Going Behind the Walls

Located on the Isle of Portland, off Weymouth in Dorset, the Verne epitomises the Government’s ‘out of sight, out of mind’ approach to detention. In this blog, Ruth Jacobson of the Verne Visitors Group describes how this isolation compounds the many harms of indefinite detention, how the group seeks to challenge this, and their reaction to the announced closure of the Verne.     

The Verne has been a place of detention for well over a hundred years.  In 2014, it was changed from an adult prison to an IRC capable of housing up to 580 male detainees, although still run by HM Prison Service. The Verne Visitors Group (VVG) was initiated as a response to this development, and has built up a group of around 30 visitors. We have also initiated a programme of public awareness of the realities of immigration detention to address the distortions propagated by media reports and as a result of the government’s creation of a ‘hostile environment’.  In early October 2017, the Home Office announced out of the blue that The Verne would be closing as an IRC and reverting to a prison.

For the purposes of Unlocking Detention, it is helpful to convey some of the particular characteristics of The Verne. In one sense, its location is thoroughly consistent with the ‘Out of Sight, Out of Mind’ strategy deployed by the Home Office to reduce public awareness of the realities of immigration detention. Yet at the same time, it could hardly be more visible to the regular streams of cars, walkers and super-fit cyclists who go through the intimidating access tunnel and pass right under its massive walls. So the conundrum has been “Do people know what goes on behind these walls? Do they even want to know? And if not, why not?”
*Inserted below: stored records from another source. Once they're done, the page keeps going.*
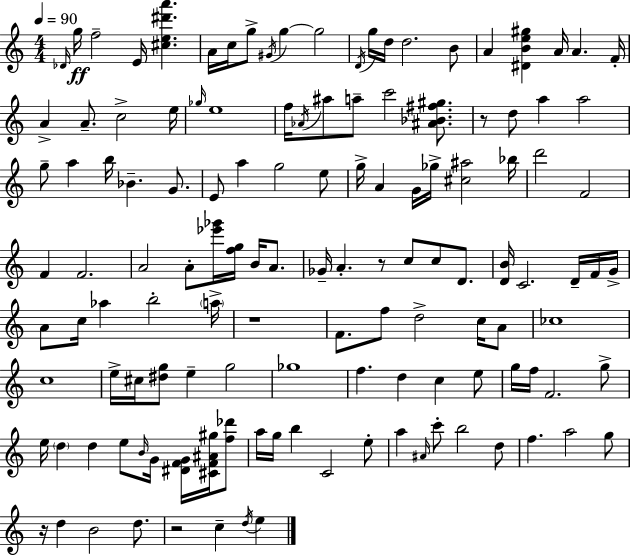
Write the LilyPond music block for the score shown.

{
  \clef treble
  \numericTimeSignature
  \time 4/4
  \key a \minor
  \tempo 4 = 90
  \grace { des'16 }\ff g''16 f''2-- e'16 <cis'' e'' dis''' a'''>4. | a'16 c''16 g''8-> \acciaccatura { gis'16 } g''4~~ g''2 | \acciaccatura { d'16 } g''16 d''16 d''2. | b'8 a'4 <dis' b' e'' gis''>4 a'16 a'4. | \break f'16-. a'4-> a'8.-- c''2-> | e''16 \grace { ges''16 } e''1 | f''16 \acciaccatura { aes'16 } ais''8 a''8-- c'''2 | <ais' bes' fis'' gis''>8. r8 d''8 a''4 a''2 | \break g''8-- a''4 b''16 bes'4.-- | g'8. e'8 a''4 g''2 | e''8 g''16-> a'4 g'16 ges''16-> <cis'' ais''>2 | bes''16 d'''2 f'2 | \break f'4 f'2. | a'2 a'8-. <ees''' ges'''>16 | <f'' g''>16 b'16 a'8. ges'16-- a'4.-. r8 c''8 | c''8 d'8. <d' b'>16 c'2. | \break d'16-- f'16 g'16-> a'8 c''16 aes''4 b''2-. | \parenthesize a''16-> r1 | f'8. f''8 d''2-> | c''16 a'8 ces''1 | \break c''1 | e''16-> cis''16 <dis'' g''>8 e''4-- g''2 | ges''1 | f''4. d''4 c''4 | \break e''8 g''16 f''16 f'2. | g''8-> e''16 \parenthesize d''4 d''4 e''8 | \grace { b'16 } g'16 <dis' f' g'>16 <cis' f' ais' gis''>16 <f'' des'''>8 a''16 g''16 b''4 c'2 | e''8-. a''4 \grace { ais'16 } c'''8-. b''2 | \break d''8 f''4. a''2 | g''8 r16 d''4 b'2 | d''8. r2 c''4-- | \acciaccatura { d''16 } e''4 \bar "|."
}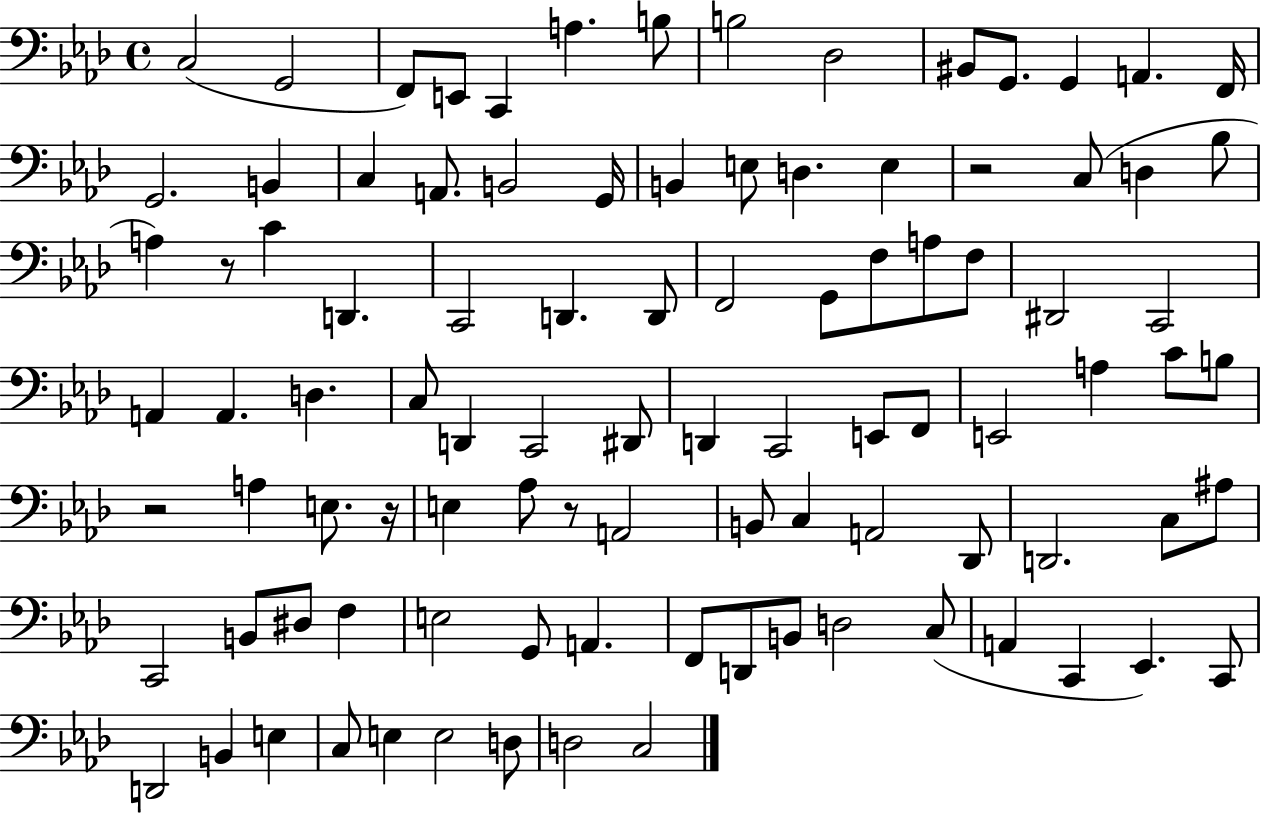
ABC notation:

X:1
T:Untitled
M:4/4
L:1/4
K:Ab
C,2 G,,2 F,,/2 E,,/2 C,, A, B,/2 B,2 _D,2 ^B,,/2 G,,/2 G,, A,, F,,/4 G,,2 B,, C, A,,/2 B,,2 G,,/4 B,, E,/2 D, E, z2 C,/2 D, _B,/2 A, z/2 C D,, C,,2 D,, D,,/2 F,,2 G,,/2 F,/2 A,/2 F,/2 ^D,,2 C,,2 A,, A,, D, C,/2 D,, C,,2 ^D,,/2 D,, C,,2 E,,/2 F,,/2 E,,2 A, C/2 B,/2 z2 A, E,/2 z/4 E, _A,/2 z/2 A,,2 B,,/2 C, A,,2 _D,,/2 D,,2 C,/2 ^A,/2 C,,2 B,,/2 ^D,/2 F, E,2 G,,/2 A,, F,,/2 D,,/2 B,,/2 D,2 C,/2 A,, C,, _E,, C,,/2 D,,2 B,, E, C,/2 E, E,2 D,/2 D,2 C,2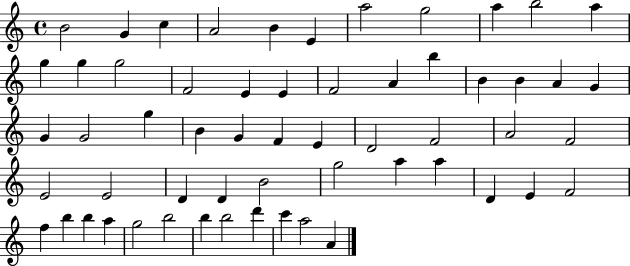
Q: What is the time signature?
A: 4/4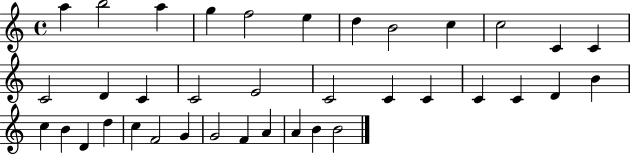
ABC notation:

X:1
T:Untitled
M:4/4
L:1/4
K:C
a b2 a g f2 e d B2 c c2 C C C2 D C C2 E2 C2 C C C C D B c B D d c F2 G G2 F A A B B2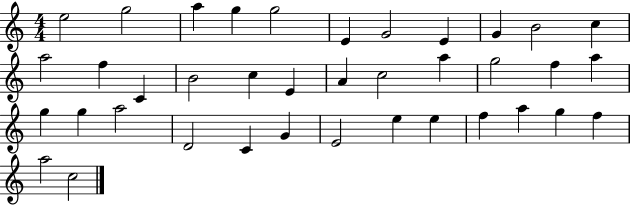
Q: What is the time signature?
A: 4/4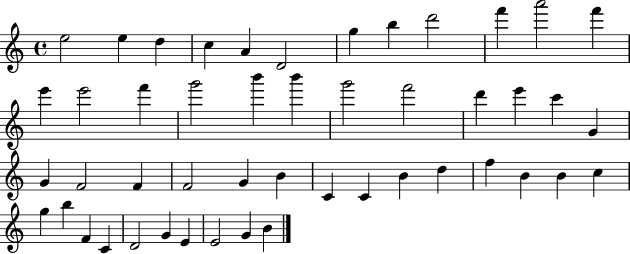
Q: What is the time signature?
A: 4/4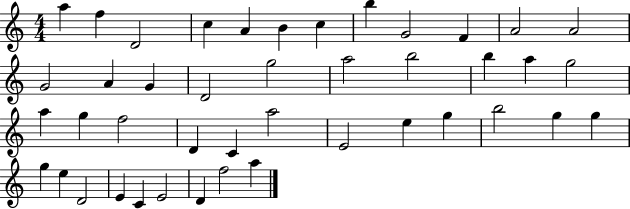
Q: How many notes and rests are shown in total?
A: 43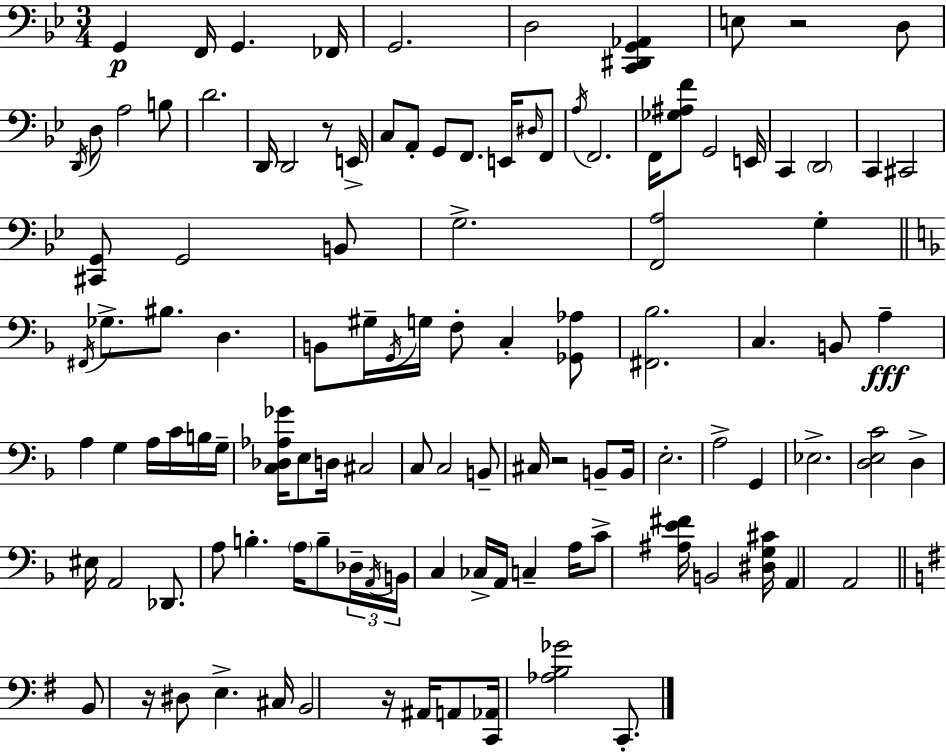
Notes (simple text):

G2/q F2/s G2/q. FES2/s G2/h. D3/h [C2,D#2,G2,Ab2]/q E3/e R/h D3/e D2/s D3/e A3/h B3/e D4/h. D2/s D2/h R/e E2/s C3/e A2/e G2/e F2/e. E2/s D#3/s F2/e A3/s F2/h. F2/s [Gb3,A#3,F4]/e G2/h E2/s C2/q D2/h C2/q C#2/h [C#2,G2]/e G2/h B2/e G3/h. [F2,A3]/h G3/q F#2/s Gb3/e. BIS3/e. D3/q. B2/e G#3/s G2/s G3/s F3/e C3/q [Gb2,Ab3]/e [F#2,Bb3]/h. C3/q. B2/e A3/q A3/q G3/q A3/s C4/s B3/s G3/s [C3,Db3,Ab3,Gb4]/s E3/e D3/s C#3/h C3/e C3/h B2/e C#3/s R/h B2/e B2/s E3/h. A3/h G2/q Eb3/h. [D3,E3,C4]/h D3/q EIS3/s A2/h Db2/e. A3/e B3/q. A3/s B3/e Db3/s A2/s B2/s C3/q CES3/s A2/s C3/q A3/s C4/e [A#3,E4,F#4]/s B2/h [D#3,G3,C#4]/s A2/q A2/h B2/e R/s D#3/e E3/q. C#3/s B2/h R/s A#2/s A2/e [C2,Ab2]/s [Ab3,B3,Gb4]/h C2/e.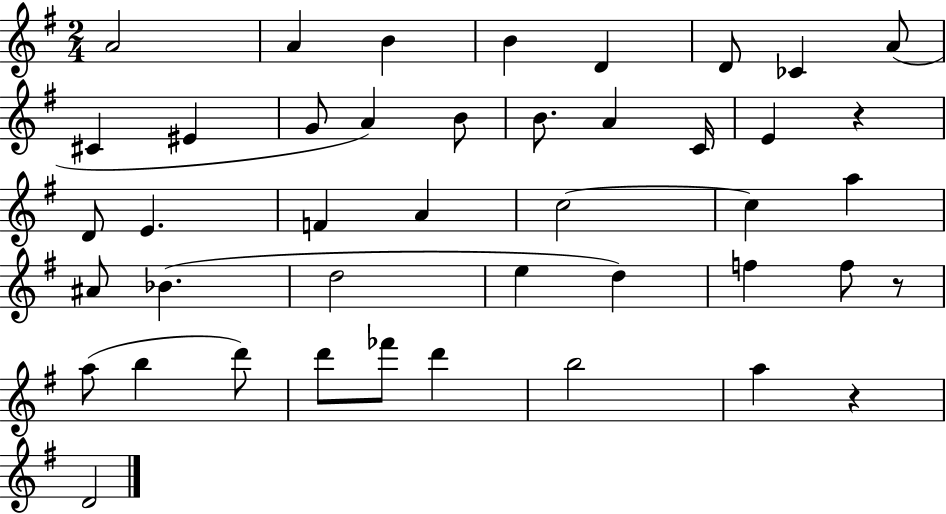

In the national context, The Verne’s isolated location has made the experience of detention even more harmful than it is elsewhere.  A succession of reports have emphasised how the long, complicated and expensive journey involved in getting there impacts on visiting rates, leading to an even greater sense of separation from their families, friends and local communities. Time and again, our visitors have seen how this extra factor exacerbates the already appalling effects of indefinite detention. So as a group, our primary objective has always been to listen to, empower and support detainees and to offer a friendly point of contact with the outside world.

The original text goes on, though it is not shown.